G-DIZZLE (do you like my nickmane for you?) I love your posts. I wish I were brave enough to still hold onto items that other think are "immature". It got me thinking of what my felix felicis were and I have the following:
The Backstreet Boys greatest hits CD
My daily dose of gossip mags
A good sugar donut
Sailor Moon ( my brother and I would wake up extra early in the morning before school to watch this)
Chris Carrabba...need I say more?
Big Surf-I spent 5 summers working at this place and oddly enough I miss it-ok maybe I miss the tan more than anything.
Dippin Dots
Dr. Pepper
reading old notes from friends in jr high and high school-where did that sense of humor go?
Anyways, thanks for letting me reflect on my felix felicis, in fact this just may be my next blog post.

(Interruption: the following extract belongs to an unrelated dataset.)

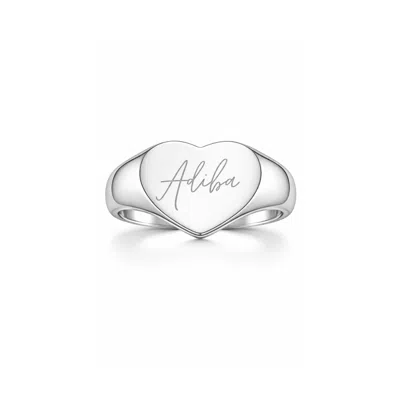 Adiba Women's Silver  Signature Heart Ring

Thanks for being you G-DIZZLE
c-bair (kinda like blair, kind of maybe short for care bear? whatev. nicknames don't have to make sense),
thanks for sharing your felix felicis!! i, too, am a huge fan of dr. pepper (from the can) and notes from jr high and high school. i won't mention anything about the backstreet boys haha, kidding. it's fun to remember what we loved when we were younger and more carefree, huh? it's even better when we realize that those things still make us happy. maybe one day we'll realize that we can still be carefree even in our old age :) haha
thanks for reading and commenting. i always appreciate what you have to say.
I love disney things! & the magic powers thing! I always sort of wish that one day I will fall thrugh my mirror also in to my own wonderland. One day... xx
great blog.
disney = <3
no matter the age :)
I'm really missing my gabby time.
I'm already looking forward to December.
Things post makes me smile, because it describes just exactly how I feel.
You can have the best of both worlds.
miss you.
Oh girl, I relate all to well to you. What is with feeling embarrassed when someone walks in while you're laughing by yourself to Wizards? I find life is much happier when I embrace it, but its good to know someone else is on my side. Oh I do love you. You should be a writer. You are fantastic.
haha sure I will try and incorporate the tights in to an outfit soon :) thank you for teh comments x
Gabrielle Suzanne...Where have you been hiding lately? Are you alive?!? Miss you.
-my word verfication is zinarckle...
Something tells me you have a great shrimp cocktail story to blog about.